[Prompt] When you find the line with "Only blocks from" among the records below, reproduce it and each line after it exactly, ending with the line with "Submit offers on FAR/BAR As Is Contract.".

[Extracted information]
———

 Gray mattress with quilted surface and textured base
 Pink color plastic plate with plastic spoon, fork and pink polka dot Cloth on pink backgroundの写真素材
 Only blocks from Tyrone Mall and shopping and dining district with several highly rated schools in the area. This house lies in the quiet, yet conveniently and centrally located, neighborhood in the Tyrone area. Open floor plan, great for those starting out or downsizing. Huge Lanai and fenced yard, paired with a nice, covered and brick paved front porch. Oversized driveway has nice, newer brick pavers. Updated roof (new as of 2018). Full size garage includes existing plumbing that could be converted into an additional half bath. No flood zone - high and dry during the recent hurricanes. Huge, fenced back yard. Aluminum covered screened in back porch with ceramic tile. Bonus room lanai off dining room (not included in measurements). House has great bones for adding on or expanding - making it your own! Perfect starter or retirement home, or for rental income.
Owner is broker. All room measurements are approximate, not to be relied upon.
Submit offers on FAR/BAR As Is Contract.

———

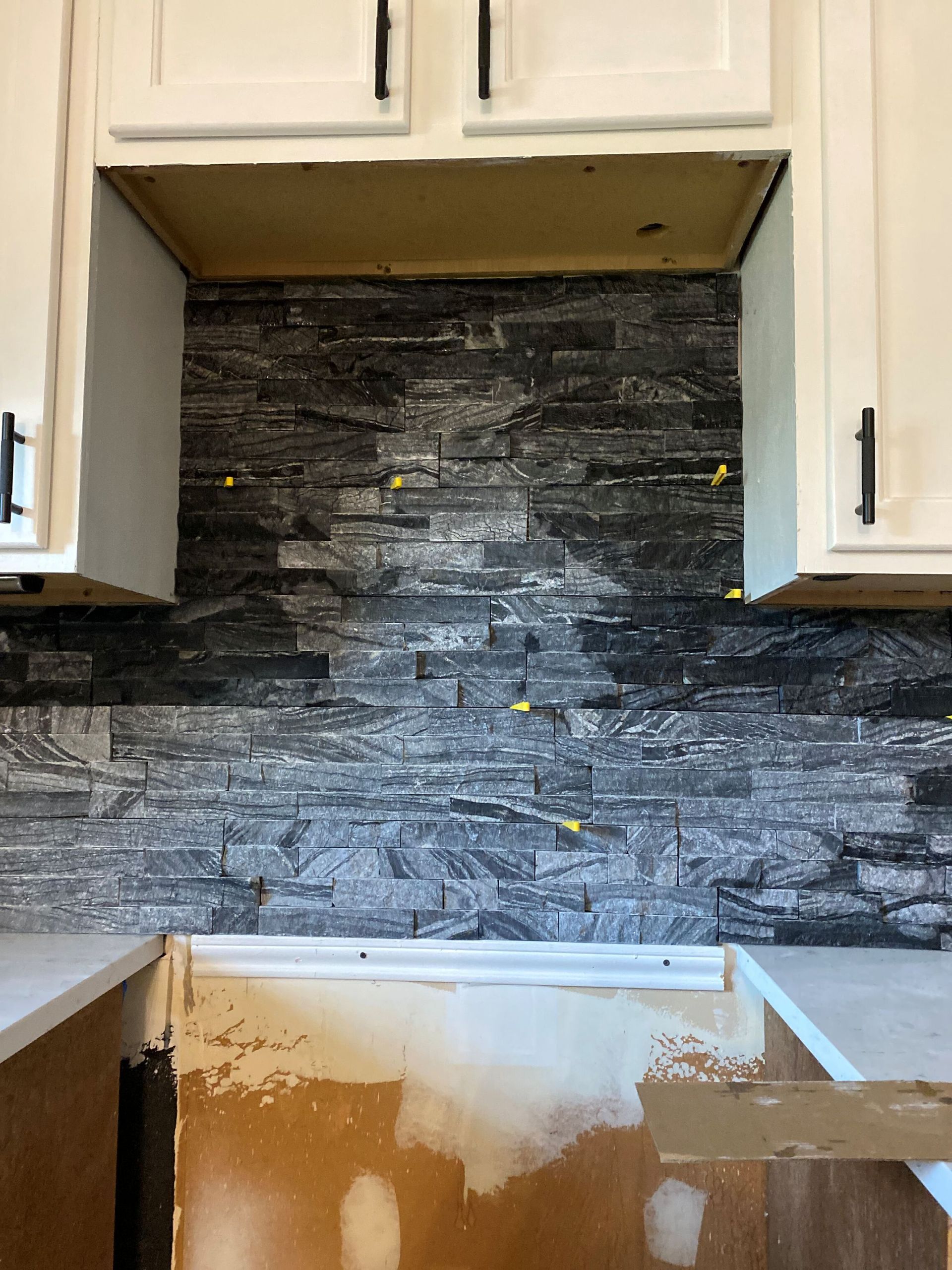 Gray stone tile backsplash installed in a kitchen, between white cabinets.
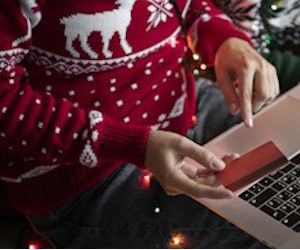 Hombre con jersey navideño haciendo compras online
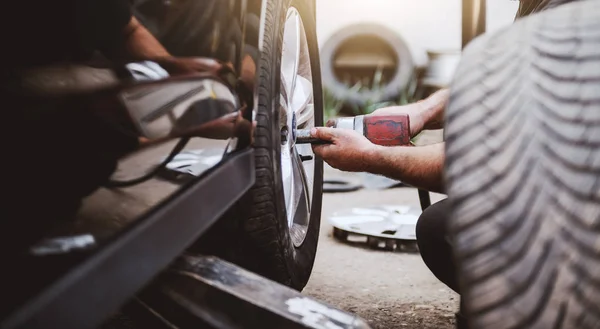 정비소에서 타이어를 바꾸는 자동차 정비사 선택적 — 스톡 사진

———

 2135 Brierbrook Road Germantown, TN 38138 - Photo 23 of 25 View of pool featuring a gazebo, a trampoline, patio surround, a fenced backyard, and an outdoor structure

———

[Solution to the exercise]
 Only blocks from Tyrone Mall and shopping and dining district with several highly rated schools in the area. This house lies in the quiet, yet conveniently and centrally located, neighborhood in the Tyrone area. Open floor plan, great for those starting out or downsizing. Huge Lanai and fenced yard, paired with a nice, covered and brick paved front porch. Oversized driveway has nice, newer brick pavers. Updated roof (new as of 2018). Full size garage includes existing plumbing that could be converted into an additional half bath. No flood zone - high and dry during the recent hurricanes. Huge, fenced back yard. Aluminum covered screened in back porch with ceramic tile. Bonus room lanai off dining room (not included in measurements). House has great bones for adding on or expanding - making it your own! Perfect starter or retirement home, or for rental income.
Owner is broker. All room measurements are approximate, not to be relied upon.
Submit offers on FAR/BAR As Is Contract.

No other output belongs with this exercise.